As políticas adotadas pelo ex-presidente dos Estados Unidos, Donald Trump, contra o Brasil, como a imposição de sanções e tarifas, além de ameaças ao governo brasileiro e ao Supremo Tribunal Federal (STF), terão "sequelas permanentes" na relação bilateral entre os dois países. A avaliação é de Jana Nelson, brasileira-americana que atingiu alta hierarquia no governo americano, atuando como subsecretária de Defesa para o Hemisfério Ocidental.
Nelson, que dedicou 20 anos de sua carreira a fortalecer os laços entre Brasil e Estados Unidos, considera que houve uma "quebra de confiança" com impactos duradouros. "Daqui a 20 anos, vão fazer referência ao que está acontecendo hoje, vão dizer: é por isso que não se pode acreditar no que diz o governo americano", afirmou em entrevista ao jornal Folha de S.Paulo.
Segundo a ex-subsecretária, as medidas de Trump alimentam um antiamericanismo já latente no Brasil, comparando o cenário atual ao impacto do apoio americano ao golpe militar de 1964. Ela destacou que o uso de leis tarifárias para fins coercitivos e sanções por vingança "não é algo normal" e que a postura de Trump rompe com os pressupostos de livre comércio e globalização que os EUA historicamente defendiam.
Mesmo com uma eventual mudança de governo nos EUA, Nelson acredita que a relação não voltará a ser como antes. "Os outros países não vão acreditar em nós, não vão querer trabalhar conosco", ressaltou, citando a diversificação econômica e de política externa em curso no Brasil e em outras nações como consequência da "suspeita incrustada no sistema de que os EUA não são confiáveis".
Sobre as negociações, a brasileira-americana sugeriu que o Brasil poderia buscar a pressão de empresas privadas americanas e o debate no Congresso dos EUA sobre a limitação do uso da "International Emergency Economic Powers Act of 1977" (Ieepa), lei utilizada como justificativa para as tarifas.

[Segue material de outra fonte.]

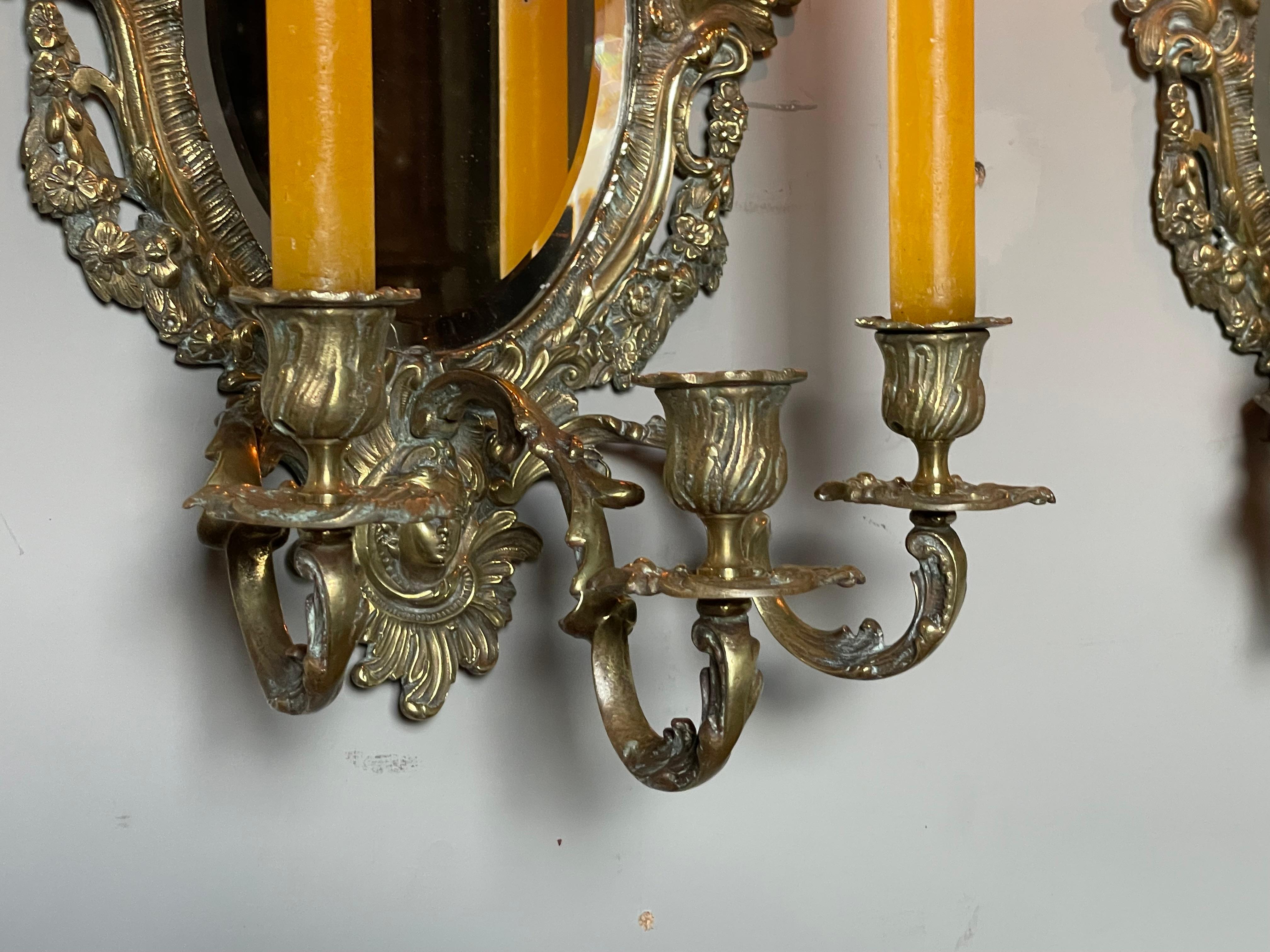 Paire de candélabres muraux anciens en bronze. Miroirs biseautés et masque de déesses en vente 7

Ela acredita que, com o tempo, o aumento da inflação nos EUA poderá levar legisladores republicanos a apoiar restrições à Ieepa.

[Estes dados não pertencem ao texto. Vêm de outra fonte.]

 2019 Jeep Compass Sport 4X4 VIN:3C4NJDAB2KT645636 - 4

Nelson também abordou o reflexo da crise nas relações Brasil-EUA no fortalecimento dos laços do Brasil com a China. Ela alertou, porém, sobre os perigos de uma excessiva dependência econômica da China, destacando a necessidade de equilíbrio e cautela.
Jana Nelson, 41 anos, é formada em relações internacionais pela Universidade de Brasília e possui mestrado pela Universidade Georgetown. Além de subsecretária de Defesa, atuou como assessora sênior da missão dos EUA na ONU e integrou a equipe responsável pelo Brasil no Departamento de Estado. Atualmente, chefia para América Latina do Instituto Tony Blair, mas concedeu a entrevista em caráter pessoal.